Die Verbandsvorsitzende Kılıçarslan richtet ihre Forderung an Bundeskanzlerin Merkel und bittet sie, die Bundesländer dazu zu bewegen einen einheitlichen Maßnahmenkatalog für sozial benachteiligte Kinder und Jugendliche im Rahmen ihrer Schulpolitik zu erarbeiten. „Frau Merkel konnte bisher erfolgreich die Bundesländer dafür gewinnen, bei der Bekämpfung der Pandemie eine gemeinsame Strategie zu verfolgen. Wir brauchen insbesondere in der Schulpolitik eine gemeinsame Linie. Wir brauchen konkrete Maßnahmen, mit denen die Ungleichheiten bei Familieneinkommen durch die Zurverfügungstellung von erforderlicher Technik und Materialien ausgeglichen werden. Zudem müssen Lehrkräfte besser unterstützt werden, damit Eltern nicht die Aufgaben des Lehrpersonals übernehmen müssen. Denn die meisten Eltern, die keine Bildungsinländer*innen sind oder keine bessere Schulform als ihre Kinder besucht haben, können ihre Kindern bei Hausaufgaben nicht unterstützen. Das Gleiche gilt auch für viele Eltern ohne Migrationshintergrund. Wenn wir jetzt die Lücken nicht schließen können, werden sie in den nächsten Schuljahren immer größer. Wir könnten bisher durch Bundesprogramme wie „Menschen stärken Menschen“ mit unseren Ehrenamtlichen viele Lücken schließen. Aber um die Lücken, die durch mangelnde Schulpolitik vergrößert werden, zu schließen, brauchen wir weitere unterstützende Maßnahmen.

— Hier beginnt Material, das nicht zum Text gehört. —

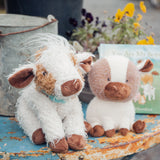 Two plush toys resembling cows on a rustic surface with flowers in the background.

Dazu gehört neben der Bildungspolitik auch der soziale Wohnungsbau, sowie die Elternarbeit und Frauenförderung.“

Sie verwies auf die Ergebnisse der einzigartigen Telefonbefragung:

  • 20,8% der Ehrenamtlichen geben an, von der Erziehung der Kinder in der Coronakrise überfordert worden zu sein. Bei den betreuten Mentees soll es bei 42,8% sein.
  • 37,8% der Kinder der Ehrenamtlichen hatten während des Homeschoolings Schwierigkeiten beim Lernen und bei den Schulaufgaben. Dies soll bei 74,9% der Betreuten der Fall sein.

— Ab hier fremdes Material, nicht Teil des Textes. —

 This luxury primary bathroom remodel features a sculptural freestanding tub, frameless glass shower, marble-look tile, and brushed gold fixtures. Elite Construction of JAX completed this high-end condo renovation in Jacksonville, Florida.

  • Für 29,8% der Ehrenamtlichen war nicht verständlich, was die Schule bezüglich der Schulaufgaben von ihren Kindern erwartete. Diese Beobachtung machten 68,1% bei ihren Mentees.
  • 14,8% der Pat*innen schätzen die Lernumgebung, die sie ihren Kindern bieten können, eher als schlecht ein. Dies wäre bei 41,8% der Betreuten der Fall.
  • 22,0% der Ehrenamtlichen gaben an, dass es zu Rollenkonflikten zwischen ihnen und Lehrer*innen gekommen sei, da die Erwartungen jeweils unterschiedlich gewesen seien. Dies soll bei 45,7% der Betreuten der Fall gewesen sein.
  • 16,2% der Ehrenamtlichen konnten, die von der Schule erwartete technische Ausstattung für das Homeschooling nicht bereitstellen. Aber 52,6% meinten, die Betreuten hätten nicht ausreichende technische Ausstattung.

Kılıçarslan führt weiter aus, „gerade feiern wir das Opferfest. Unsere Ehrenamtlichen werden mit selbst angeschafften und vorbereiteten Geschenken viele Kinder glücklich machen. Wie sie in der Coronakrise durch Online-Betreuung gemeinsam gebastelt, Spiele gespielt haben, werden sie auch jetzt schöne Momente erleben lassen. Für diese vielen Kinder, die auch unsere Zukunft sind, werden dennoch schulische Maßnahmen, die ihre Zukunft retten, ein besonderes Geschenk sein“.